Nomogram incorporating PSA level to predict cancer-specific survival for men with clinically localized prostate cancer managed without curative intent

Authors


  • See editorial on pages 1–3, this issue.

Abstract

BACKGROUND.

The prognosis of men with clinically localized prostate cancer is highly variable, and it is difficult to counsel a man who may be considering avoiding, or delaying, aggressive therapy. After collecting data on a large cohort of men who received no initial active prostate cancer therapy, the aim was to develop, and to internally validate, a nomogram for prediction of disease-specific survival.

METHODS.

Working with 6 cancer registries within England and numerous hospitals in the region, a population-based cohort of men diagnosed with prostate cancer between 1990 and 1996 was constructed. All men had baseline serum prostate-specific antigen (PSA) measurements, centralized pathologic grading, and centralized review of clinical stage assignment. Based on the clinical and pathologic data from 1911 men, a statistical model was developed and validated that served as the basis for the nomogram. The discrimination and calibration of the nomogram were assessed with use of one-third of the men, who were omitted from modeling and used as a test sample.

RESULTS.

The median age of the included men was 70.4 years. The 25th and 75th percentiles of PSA were 7.3 and 32.6 ng/mL respectively, and the median was 15.4 ng/mL. Forty-two percent of the men had high-grade disease. The nomogram predicted well, with a concordance index of 0.73, and had good calibration.

CONCLUSIONS.

An accurate tool was developed for predicting the probability that a man with clinically localized prostate cancer will survive his disease for 120 months if the cancer is not treated with curative intent immediately. The tool should be helpful for patient counseling and clinical trial design. Cancer 2008. © 2007 American Cancer Society.

It is difficult to counsel men who are interested in delaying or avoiding aggressive treatment of clinically localized prostate cancer because their outcomes are so highly variable. Whereas most such men would likely not die of their cancer, some would, and these groups are difficult to distinguish at the time of diagnosis. As such, the men who opt for no definitive treatment of their prostate cancer must deal with vast uncertainty, and may later experience regret about their treatment choice.

Outcome prediction models for watchful waiting are rare relative to those available for aggressive therapies such as surgery or radiation therapy. Albertsen et al.1, 2 developed a series of graphs that illustrate disease-specific survival for men based on age, tumor grade, and comorbidity. The accuracy of these graphs is unclear (ie, their discrimination and calibration): they are only for men aged 55–75 and they do not incorporate prostate-specific antigen (PSA), an important predictor of disease progression after surgery or radiation.3, 4 Tewari et al.5 produced prediction tables that can be applied to men treated with watchful waiting. However, the calibration of these predictions is unknown, and only 467 men in their dataset were treated with watchful waiting.

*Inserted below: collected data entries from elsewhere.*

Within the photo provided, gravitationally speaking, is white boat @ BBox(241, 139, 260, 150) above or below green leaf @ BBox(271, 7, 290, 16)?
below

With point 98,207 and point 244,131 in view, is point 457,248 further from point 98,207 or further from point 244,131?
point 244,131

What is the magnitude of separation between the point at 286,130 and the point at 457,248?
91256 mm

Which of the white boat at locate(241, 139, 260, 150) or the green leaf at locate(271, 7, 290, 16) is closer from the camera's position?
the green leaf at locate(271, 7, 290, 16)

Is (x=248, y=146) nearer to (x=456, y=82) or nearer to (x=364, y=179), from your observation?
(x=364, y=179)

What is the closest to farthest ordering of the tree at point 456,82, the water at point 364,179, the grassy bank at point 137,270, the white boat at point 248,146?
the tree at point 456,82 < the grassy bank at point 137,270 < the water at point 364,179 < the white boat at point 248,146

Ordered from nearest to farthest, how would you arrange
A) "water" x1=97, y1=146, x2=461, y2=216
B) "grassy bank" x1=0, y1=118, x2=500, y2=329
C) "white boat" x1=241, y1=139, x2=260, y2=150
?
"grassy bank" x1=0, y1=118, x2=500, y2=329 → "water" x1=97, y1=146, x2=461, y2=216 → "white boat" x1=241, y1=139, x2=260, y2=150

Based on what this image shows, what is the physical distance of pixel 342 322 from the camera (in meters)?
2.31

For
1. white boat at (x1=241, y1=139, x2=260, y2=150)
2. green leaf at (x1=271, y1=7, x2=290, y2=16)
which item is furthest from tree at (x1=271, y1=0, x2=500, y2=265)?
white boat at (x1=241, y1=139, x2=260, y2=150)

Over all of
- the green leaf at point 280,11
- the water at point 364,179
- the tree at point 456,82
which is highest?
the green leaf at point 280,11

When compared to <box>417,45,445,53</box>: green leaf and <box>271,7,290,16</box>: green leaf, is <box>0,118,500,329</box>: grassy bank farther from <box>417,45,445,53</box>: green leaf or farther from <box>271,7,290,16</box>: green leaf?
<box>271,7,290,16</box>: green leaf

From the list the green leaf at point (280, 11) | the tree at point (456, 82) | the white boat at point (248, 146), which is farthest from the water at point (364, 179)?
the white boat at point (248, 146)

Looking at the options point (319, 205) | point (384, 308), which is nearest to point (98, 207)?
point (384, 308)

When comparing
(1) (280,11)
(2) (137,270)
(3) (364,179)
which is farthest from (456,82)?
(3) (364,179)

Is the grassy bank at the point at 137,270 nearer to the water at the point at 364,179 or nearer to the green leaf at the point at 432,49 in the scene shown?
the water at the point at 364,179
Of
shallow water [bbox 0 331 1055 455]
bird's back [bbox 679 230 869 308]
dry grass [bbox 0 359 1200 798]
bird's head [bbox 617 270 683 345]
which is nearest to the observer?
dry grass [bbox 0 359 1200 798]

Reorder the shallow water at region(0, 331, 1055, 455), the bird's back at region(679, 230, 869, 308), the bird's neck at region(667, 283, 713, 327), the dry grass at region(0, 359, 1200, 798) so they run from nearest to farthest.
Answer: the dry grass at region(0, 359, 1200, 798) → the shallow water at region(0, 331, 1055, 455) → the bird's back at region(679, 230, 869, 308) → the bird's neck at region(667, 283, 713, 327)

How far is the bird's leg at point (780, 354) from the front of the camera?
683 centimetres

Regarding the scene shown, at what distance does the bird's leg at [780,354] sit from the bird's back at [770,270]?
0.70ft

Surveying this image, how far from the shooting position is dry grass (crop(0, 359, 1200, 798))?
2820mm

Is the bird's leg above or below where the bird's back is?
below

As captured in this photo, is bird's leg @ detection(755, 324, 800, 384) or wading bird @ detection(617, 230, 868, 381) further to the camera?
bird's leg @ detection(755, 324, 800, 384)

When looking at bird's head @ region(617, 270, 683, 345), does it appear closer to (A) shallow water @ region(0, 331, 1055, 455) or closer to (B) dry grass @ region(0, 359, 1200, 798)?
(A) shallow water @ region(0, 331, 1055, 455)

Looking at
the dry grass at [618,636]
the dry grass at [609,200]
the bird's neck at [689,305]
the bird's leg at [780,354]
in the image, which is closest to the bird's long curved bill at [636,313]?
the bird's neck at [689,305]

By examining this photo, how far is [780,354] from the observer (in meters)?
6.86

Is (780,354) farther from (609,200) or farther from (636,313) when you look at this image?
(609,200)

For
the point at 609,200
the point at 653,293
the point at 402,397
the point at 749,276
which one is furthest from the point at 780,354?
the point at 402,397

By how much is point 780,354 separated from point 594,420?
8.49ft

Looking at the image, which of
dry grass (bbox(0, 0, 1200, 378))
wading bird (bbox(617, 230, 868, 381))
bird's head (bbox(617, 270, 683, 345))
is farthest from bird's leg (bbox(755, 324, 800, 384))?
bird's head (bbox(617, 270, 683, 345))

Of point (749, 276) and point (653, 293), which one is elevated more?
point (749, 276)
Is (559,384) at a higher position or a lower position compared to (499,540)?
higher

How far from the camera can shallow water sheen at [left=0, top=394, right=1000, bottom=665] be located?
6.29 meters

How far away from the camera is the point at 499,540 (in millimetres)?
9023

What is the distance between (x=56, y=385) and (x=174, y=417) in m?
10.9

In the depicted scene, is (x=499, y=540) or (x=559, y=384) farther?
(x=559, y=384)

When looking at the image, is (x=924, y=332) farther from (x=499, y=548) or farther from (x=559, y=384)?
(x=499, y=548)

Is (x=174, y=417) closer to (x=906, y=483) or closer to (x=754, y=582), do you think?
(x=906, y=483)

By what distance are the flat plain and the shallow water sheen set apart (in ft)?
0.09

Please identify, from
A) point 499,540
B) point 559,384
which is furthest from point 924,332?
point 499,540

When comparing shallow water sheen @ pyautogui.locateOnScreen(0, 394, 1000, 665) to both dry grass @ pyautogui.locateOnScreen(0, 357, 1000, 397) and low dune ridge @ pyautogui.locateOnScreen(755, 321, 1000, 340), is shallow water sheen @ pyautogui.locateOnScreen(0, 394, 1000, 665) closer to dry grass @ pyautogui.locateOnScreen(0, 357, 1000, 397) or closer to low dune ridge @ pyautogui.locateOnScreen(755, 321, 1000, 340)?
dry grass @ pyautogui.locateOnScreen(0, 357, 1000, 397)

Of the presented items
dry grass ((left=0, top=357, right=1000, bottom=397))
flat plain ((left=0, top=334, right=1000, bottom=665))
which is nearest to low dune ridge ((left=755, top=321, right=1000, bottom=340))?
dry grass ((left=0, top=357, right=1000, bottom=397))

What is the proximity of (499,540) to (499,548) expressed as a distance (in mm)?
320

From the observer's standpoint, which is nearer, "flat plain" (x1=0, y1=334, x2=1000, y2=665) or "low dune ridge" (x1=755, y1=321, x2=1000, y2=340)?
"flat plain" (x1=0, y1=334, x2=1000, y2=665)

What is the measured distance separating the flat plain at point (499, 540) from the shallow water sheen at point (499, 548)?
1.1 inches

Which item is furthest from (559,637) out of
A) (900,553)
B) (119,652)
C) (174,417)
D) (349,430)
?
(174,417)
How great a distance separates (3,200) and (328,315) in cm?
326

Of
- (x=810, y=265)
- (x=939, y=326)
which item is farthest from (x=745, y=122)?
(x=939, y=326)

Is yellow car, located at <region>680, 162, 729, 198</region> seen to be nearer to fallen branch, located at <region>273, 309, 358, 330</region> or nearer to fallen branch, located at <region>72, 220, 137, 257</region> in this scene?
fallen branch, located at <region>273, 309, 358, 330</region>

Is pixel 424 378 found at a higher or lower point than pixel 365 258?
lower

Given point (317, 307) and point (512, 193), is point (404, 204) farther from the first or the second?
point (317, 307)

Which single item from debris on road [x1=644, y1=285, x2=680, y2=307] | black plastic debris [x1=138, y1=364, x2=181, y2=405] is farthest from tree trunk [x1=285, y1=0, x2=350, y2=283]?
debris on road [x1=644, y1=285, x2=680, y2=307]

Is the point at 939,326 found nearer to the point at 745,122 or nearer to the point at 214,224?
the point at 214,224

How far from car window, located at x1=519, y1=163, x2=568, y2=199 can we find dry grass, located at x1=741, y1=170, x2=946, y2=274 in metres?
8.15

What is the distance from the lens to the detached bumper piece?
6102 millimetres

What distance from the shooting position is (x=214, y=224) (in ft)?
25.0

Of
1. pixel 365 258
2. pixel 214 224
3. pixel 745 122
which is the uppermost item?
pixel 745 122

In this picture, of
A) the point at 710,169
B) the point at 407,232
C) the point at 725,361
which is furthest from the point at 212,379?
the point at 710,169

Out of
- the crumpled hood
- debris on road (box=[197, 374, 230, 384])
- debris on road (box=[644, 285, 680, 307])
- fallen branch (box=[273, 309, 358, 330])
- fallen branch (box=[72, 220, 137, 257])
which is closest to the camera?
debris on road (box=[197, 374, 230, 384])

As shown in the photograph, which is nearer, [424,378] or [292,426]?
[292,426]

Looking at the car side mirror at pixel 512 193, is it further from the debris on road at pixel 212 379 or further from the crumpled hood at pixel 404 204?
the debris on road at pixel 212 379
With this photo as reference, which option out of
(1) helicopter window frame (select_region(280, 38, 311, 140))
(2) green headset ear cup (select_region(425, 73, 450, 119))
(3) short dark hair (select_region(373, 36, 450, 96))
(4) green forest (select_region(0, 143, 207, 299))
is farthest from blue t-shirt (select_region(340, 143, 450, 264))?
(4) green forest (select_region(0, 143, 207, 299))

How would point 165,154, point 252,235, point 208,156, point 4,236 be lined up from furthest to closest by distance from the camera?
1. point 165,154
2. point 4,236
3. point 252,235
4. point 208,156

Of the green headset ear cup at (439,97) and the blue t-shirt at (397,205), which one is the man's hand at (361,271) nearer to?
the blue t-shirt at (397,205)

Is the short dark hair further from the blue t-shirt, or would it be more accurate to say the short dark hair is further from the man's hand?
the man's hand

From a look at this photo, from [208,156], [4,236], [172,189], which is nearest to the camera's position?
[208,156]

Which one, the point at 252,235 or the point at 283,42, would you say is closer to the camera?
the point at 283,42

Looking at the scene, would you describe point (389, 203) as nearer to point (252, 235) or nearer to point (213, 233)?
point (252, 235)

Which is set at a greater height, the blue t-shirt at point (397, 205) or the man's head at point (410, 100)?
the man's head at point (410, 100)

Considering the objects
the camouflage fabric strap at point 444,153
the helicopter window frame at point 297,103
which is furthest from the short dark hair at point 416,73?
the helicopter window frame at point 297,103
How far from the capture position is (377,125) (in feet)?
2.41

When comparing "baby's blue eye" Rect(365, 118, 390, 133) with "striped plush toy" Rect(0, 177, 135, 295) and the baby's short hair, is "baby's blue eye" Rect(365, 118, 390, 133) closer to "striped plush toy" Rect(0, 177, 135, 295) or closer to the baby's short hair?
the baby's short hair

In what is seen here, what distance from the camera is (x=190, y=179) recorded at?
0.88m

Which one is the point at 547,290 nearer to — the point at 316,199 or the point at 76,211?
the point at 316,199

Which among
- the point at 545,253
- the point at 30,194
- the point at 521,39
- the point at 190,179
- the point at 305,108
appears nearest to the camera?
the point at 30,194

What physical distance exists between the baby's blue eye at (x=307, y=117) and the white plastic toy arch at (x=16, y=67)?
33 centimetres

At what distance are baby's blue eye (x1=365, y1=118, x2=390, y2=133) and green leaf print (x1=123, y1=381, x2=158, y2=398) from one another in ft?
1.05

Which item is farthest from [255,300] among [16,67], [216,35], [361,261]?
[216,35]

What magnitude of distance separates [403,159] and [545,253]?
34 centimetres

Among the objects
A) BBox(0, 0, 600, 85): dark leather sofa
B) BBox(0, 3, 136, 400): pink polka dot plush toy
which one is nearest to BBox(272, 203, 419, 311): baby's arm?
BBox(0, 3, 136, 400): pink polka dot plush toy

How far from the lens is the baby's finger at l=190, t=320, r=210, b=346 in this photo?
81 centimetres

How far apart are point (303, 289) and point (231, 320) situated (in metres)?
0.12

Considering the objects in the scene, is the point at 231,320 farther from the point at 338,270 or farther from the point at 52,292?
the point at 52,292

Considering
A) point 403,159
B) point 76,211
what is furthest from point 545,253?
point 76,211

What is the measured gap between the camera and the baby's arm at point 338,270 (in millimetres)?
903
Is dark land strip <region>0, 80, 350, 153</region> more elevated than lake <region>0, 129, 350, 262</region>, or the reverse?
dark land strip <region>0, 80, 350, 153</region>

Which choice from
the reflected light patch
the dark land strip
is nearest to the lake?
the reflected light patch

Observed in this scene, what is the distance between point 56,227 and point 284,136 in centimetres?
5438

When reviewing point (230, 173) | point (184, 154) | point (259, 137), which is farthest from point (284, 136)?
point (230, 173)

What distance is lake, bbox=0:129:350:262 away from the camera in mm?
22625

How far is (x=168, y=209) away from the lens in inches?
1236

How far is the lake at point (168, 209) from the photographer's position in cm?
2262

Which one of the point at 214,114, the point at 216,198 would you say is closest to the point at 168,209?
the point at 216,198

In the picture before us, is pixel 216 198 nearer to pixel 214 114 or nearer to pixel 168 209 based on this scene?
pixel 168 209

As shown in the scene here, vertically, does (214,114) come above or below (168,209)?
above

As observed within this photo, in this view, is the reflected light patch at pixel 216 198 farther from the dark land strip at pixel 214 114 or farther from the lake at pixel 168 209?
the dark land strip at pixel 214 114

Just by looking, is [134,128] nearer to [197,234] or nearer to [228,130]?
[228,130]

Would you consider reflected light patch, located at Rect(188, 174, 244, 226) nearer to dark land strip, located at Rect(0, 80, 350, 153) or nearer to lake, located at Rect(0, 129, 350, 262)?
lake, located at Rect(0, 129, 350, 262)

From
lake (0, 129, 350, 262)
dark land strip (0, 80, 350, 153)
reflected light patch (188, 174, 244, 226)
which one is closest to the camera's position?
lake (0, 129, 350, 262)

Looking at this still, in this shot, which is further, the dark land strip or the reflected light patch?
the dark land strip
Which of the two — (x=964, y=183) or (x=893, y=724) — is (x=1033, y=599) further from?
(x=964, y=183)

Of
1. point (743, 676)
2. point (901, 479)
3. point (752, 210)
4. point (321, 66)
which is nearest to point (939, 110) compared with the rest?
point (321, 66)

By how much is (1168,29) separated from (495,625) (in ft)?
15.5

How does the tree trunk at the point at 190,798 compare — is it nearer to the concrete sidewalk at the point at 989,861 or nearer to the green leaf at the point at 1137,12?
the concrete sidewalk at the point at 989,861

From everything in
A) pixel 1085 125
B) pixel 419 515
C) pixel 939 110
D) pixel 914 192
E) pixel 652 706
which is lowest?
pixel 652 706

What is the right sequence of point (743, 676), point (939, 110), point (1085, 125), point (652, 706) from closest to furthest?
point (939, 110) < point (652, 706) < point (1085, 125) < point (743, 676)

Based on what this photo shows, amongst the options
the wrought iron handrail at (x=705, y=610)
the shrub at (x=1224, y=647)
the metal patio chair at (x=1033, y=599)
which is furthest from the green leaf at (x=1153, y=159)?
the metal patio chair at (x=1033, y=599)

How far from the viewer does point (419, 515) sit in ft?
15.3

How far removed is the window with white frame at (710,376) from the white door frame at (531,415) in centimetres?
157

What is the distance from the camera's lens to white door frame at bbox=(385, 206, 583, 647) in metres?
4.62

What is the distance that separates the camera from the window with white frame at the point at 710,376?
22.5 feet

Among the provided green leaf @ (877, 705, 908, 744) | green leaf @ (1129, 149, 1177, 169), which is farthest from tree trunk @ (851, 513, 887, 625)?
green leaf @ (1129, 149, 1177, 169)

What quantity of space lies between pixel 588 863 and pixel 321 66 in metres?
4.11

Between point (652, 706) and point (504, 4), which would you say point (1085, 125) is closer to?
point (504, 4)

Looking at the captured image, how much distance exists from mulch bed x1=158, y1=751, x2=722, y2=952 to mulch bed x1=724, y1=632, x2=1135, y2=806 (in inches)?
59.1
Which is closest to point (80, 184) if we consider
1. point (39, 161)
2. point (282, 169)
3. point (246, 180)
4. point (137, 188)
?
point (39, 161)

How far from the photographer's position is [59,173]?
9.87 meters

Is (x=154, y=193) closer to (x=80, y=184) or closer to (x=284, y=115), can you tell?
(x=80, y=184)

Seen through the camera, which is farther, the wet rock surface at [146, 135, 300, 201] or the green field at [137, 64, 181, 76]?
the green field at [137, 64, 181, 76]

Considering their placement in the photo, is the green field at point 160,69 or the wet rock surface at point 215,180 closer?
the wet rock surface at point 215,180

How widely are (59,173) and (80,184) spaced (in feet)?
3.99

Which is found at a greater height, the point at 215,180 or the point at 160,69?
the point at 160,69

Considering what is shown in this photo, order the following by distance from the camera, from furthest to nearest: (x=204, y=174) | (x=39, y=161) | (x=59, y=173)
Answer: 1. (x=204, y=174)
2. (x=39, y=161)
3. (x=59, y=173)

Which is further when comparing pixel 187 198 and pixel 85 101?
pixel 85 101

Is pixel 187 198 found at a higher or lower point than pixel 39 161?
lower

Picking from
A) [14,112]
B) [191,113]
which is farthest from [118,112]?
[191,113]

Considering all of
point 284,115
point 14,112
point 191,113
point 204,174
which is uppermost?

The purpose of this study was to determine whether an analysis of a large and validated dataset of men with prostate cancer who received no initial definitive therapy would provide discriminatory parameters from which a nomogram for prediction of disease-specific survival could be generated.

MATERIALS AND METHODS

Study Population and Data Collection

This was a population-based study in which potential cases were identified from 6 Cancer Registries in England. Within each registry, collaborating hospitals were sought and cases from these hospitals were reviewed. National approval was obtained from the Northern Multi-Centre Research Ethics Committee, followed by Local Ethics Committee approval at each of the collaborating Hospital Trusts. Details regarding the construction of this cohort may be found in Cuzick et al.6

The inclusion criteria were histologic diagnosis of prostate cancer by transurethral resection of the prostate (TURP) or needle biopsy between 1990 and 1996 (inclusively) and a baseline serum PSA measurement ≤100 ng/mL available before or within 6 months after diagnosis. PSAs measured after TURP or the start of hormonal therapy were declared ineligible. We selected for men with clinically localized disease by excluding all cases with clear evidence of metastatic disease (by bone scan, x-ray, radiograph, computed tomography [CT] scan, magnetic resonance imaging [MRI], bone biopsy, lymph node biopsy, or pelvic lymph node dissection) or clinical indications of metastatic disease (including pathologic fracture, soft tissue metastases, spinal compression, bone pain, or T4 clinical tumor stage) at the time, or within 6 months, of diagnosis. We also selected for men without significant competing risks by excluding those 76 years of age or older at the date of diagnosis, those who died from any cause within 6 months of diagnosis, those with other cancer diagnoses associated with high risk of death, and those who had less than 6 months follow-up after diagnosis. To reduce dataset bias from patients who had treatment decision and scheduling delays rather than true ‘watchful waiting,’ we excluded patients who had a radical prostatectomy or radiation therapy within 6 months after diagnosis.

Registry data collection officers and trained medical staff conducted on-site medical record reviews at each of 51 Hospital Trusts. Medical records were abstracted in the following order to minimize the detailed review of ineligible cases: First, the reviewer confirmed the date of birth and date of diagnosis of prostate cancer. Next, the reviewer searched for all PSA test results and stopped abstraction of records if no PSA test result was found before or within 6 months after histologic diagnosis. Then the reviewer obtained information regarding digital rectal examination and clinical stage, surgical, radiation, or medical treatment for prostate cancer, diagnoses of other cancers, and endpoints such as positive image studies, subsequent prostate, lymph node, or metastasis site biopsies, clinical indications of metastasis, and the date and cause of death, if noted.

Clinical staging was centrally reviewed and, where unstated, was assigned by a urologist based on documented findings of the digital rectal examination. In approximately 25% of cases no information was available and in a further 16% of cases stage could not be assigned. In both circumstances the clinical stage was statistically imputed (see Statistical Methods).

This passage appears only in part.